LLM as a judge is a feature that allows you to evaluate your prompts with the help of LLM. You can evaluate your prompts based on various metrics and see the results on the Logs page.

This is a beta feature. Please do let us know if you encounter any issues. We’ll continuously improve it.

1

Create an evaluator

To evaluate your prompts, you should first create a new evaluator on the Evaluators page.

After you click on the Create Evaluator button, you will see the following page. You will then need to define the evaluator slug for applying the evaluator in your LLM calls.

2

Configure the evaluator

Configure the evaluator with the prompt and the customer you want to evaluate. You can also test the evaluator with a sample prompt。

3

Pass required params in code

After you have configured the evaluator, you should pass the required parameters in the code to evaluate the prompt.

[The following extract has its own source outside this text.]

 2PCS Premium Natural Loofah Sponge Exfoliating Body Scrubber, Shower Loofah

For example, you are asking a question about the capital of France, and you have retrieved some context about France and Paris.

You have defined an evaluator with the slug evaluator-slug1, and the required fields in the evaluator are retrieved_contexts, expected_response, input_text (default), and output_text (default).

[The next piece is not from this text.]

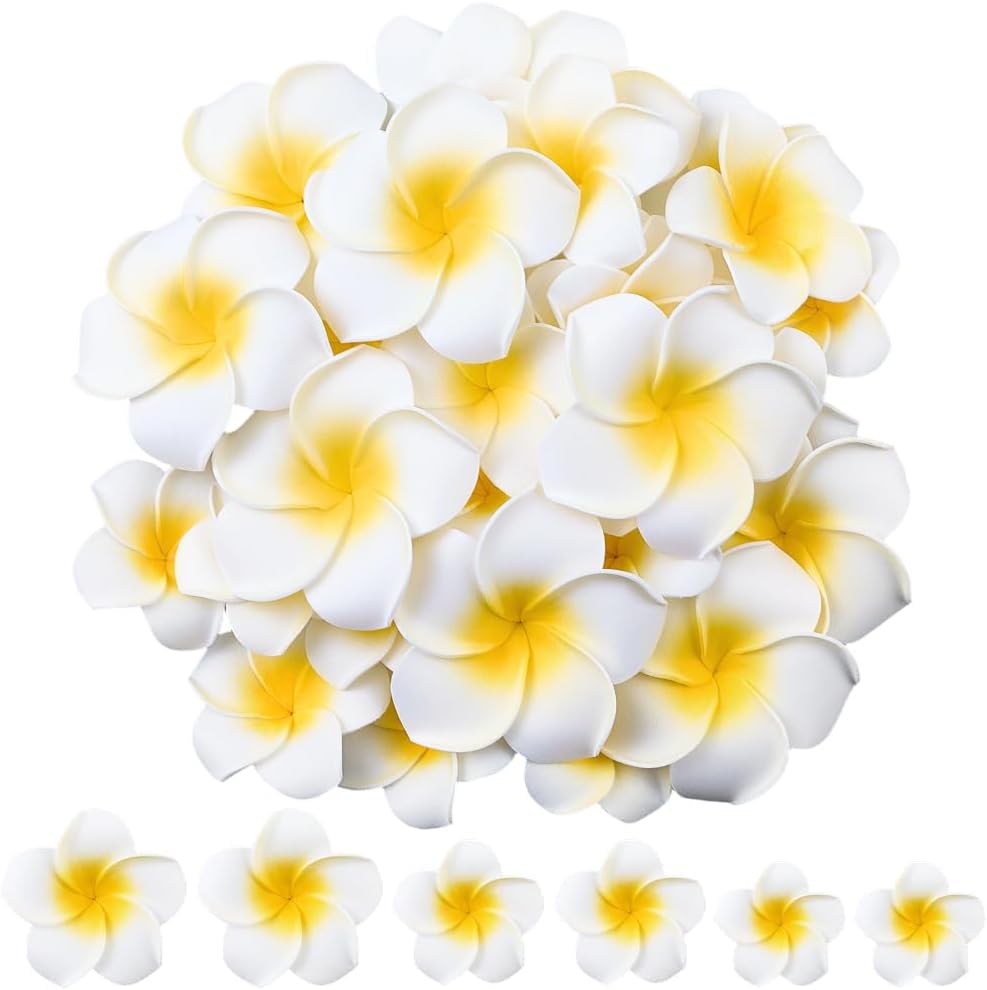 30Pcs 3 Sizes Foam Plumeria Flower Artificial Frangipani Flowers Summer Beach Tropical Hawaiian Themed 3D Floral Petals Embellishments for Hair Clips Hat Wreath DIY Craft Wedding Party Decor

By default, input_text will be extracted from messages array and output_text will be extracted from the LLM’s response, you DON’T need to specify them in the extra_params.

Example code:

{
  "model": "gpt-4o-mini",
  "messages": [
    {
      "role": "user",
      "content": "What is the capital of France?"
    }
  ],
  "evaluation_params": { 
    "evaluators": [{"evaluator_slug":"evaluator-slug1"}],
    "extra_params": {
        "retrieved_contexts": ["the capital of France is Paris", "France is a country in Europe"],
        "expected_response": "Paris"
    },
    "last_n_messages": 3, // We will use the last 3 messages of the `messages` array as the input.
  },
}
4

See the result

The evaluator will automatically run on the LLM call and you will be able to see the results in the side panel of the corresponding log.